Esta é uma foto que eu sempre quis comentar. Para tanto, já que desde criança não consegui usar a pior arma do ser humano, que é a indiferença, sou sincero em dizer que não me responsabilizo pelo o que será escrito a partir daqui. Mas não me importa. Eu conheço bem uma arma tão fatal quanto as bombas americanas: a ironia. O sarcasmo. Olhe fixamente, caro leitor, para o rosto desta menina. Que lindo, não? Seu choro expressa um clímax que poucas pessoas no mundo – tenho certeza disso – puderam um dia alcançar. Não podemos ver as lágrimas, mas sabemos que elas estão lá, escorrendo pelo rosto cheio de emoção e de dor. É uma beleza sem precedentes, porque prova o que o homem é capaz de sentir e, principalmente, fazer. Deixa claro, então, que não há mais limites para nós. A insanidade tem essa virtude: ela é livre. Olhemos mais uma vez para a foto e, agora, preste atenção aos pés da menina. Estão descalços e parecem flutuar. São pés de menina-moça, capazes de fazê-la correr numa sublime agonia rumo a nenhum lugar. E a barriga dela, leitor? Veja só que maravilha! É fruto de uma magreza única, de um sofrimento que não se pode mais esconder. Como uma mentira, que de tão grande não se consegue mais sustentar. E o corpo? Totalmente desnudo, de uma leveza que somente o sofrimento pode dar. Note agora que os braços estão entreabertos, criando uma visão perfeita e verdadeira do desolamento humano, que nem Edvard Munch conseguiria expressar. Essa foto é capaz de deixar até mesmo o mestre Da Vinci para trás. Afinal, para quê pintar telas de anjos que expressam a alma humana, bem de acordo com os preceitos da “divindade” (note as aspas) ariana? Depois dela, para mim nenhum artista poderá, jamais, retratar a dor de maneira tão bela, tão perfeita, num caso raro de misto de realidade com insanidade. Ela é momento, um raro momento. Talvez seja o resultado de um segundo, ou até mesmo um milésimo de segundo, de um intervalo entre o fogo e a explosão de sentimentos, que essa menina tão divinamente conseguiu retratar. Não sei mais o que dizer, nem mesmo pensar, caro leitor. Serei sincero com você. Paro esses escritos por aqui, pois me sinto completamente desarmado. Nem mesmo a ironia me foi útil, confesso. Afinal, de que valem as palavras se elas de nada me servem agora? Não há nada mais para ser dito. Fico mudo,
A foto – Até hoje é lembrada como uma das mais terríveis imagens da Guerra do Vietnã, tirada em 8 de junho de 1972, pelo fotógrafo Nick Ut.

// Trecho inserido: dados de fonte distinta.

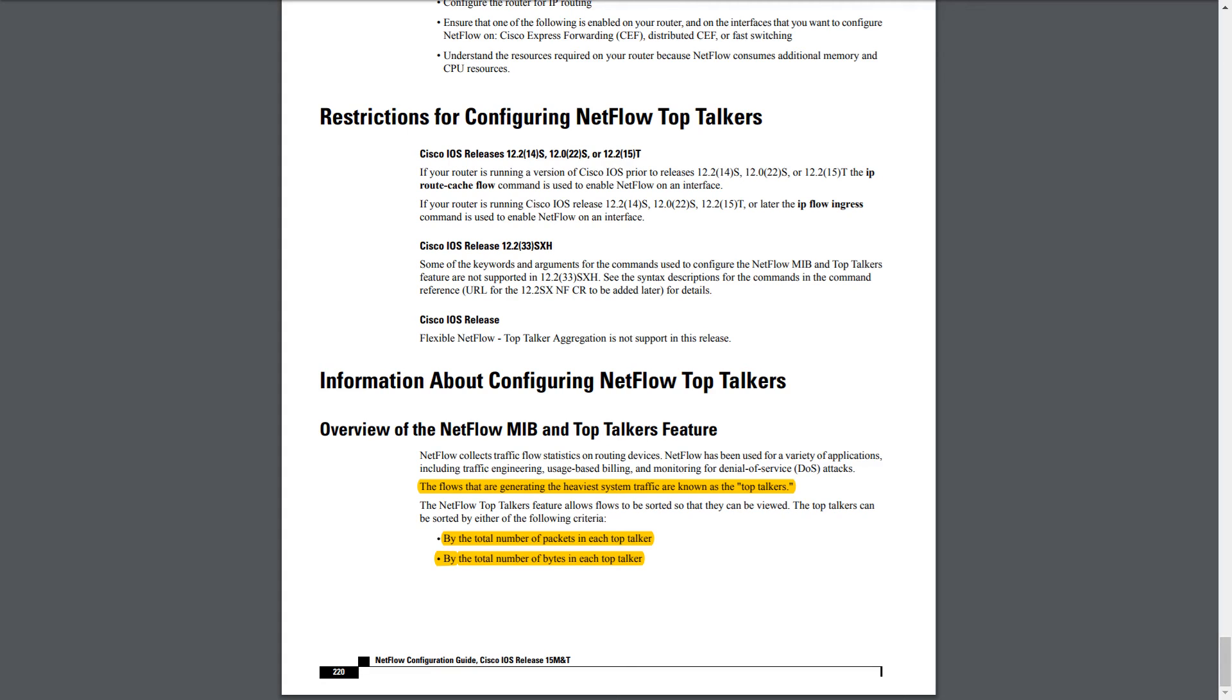So we've learned about what NetFlow is, some of the trivia knowledge about the different versions, some of the restrictions with NetFlow. So now let's get into GNS3 and we'll do a simple configuration of NetFlow. We'll use some show commands to take a look at the statistics and see what other show commands are available to us to see what else we can learn about NetFlow on the device.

A menina – Seu nome é Kim Phuc, teve metade do seu corpo queimado e passou por 17 cirurgias. Atualmente é Embaixatriz da Boa Vontade da UNESCO.
"Todas as pessoas deveriam ver essa foto, mesmo hoje, porque mostra claramente como uma guerra é terrível para as crianças. Você pode ver o terror no meu rosto. Basta ver a foto, para as pessoas aprenderem."
Kim Phuc, em entrevista para a BBC World Service.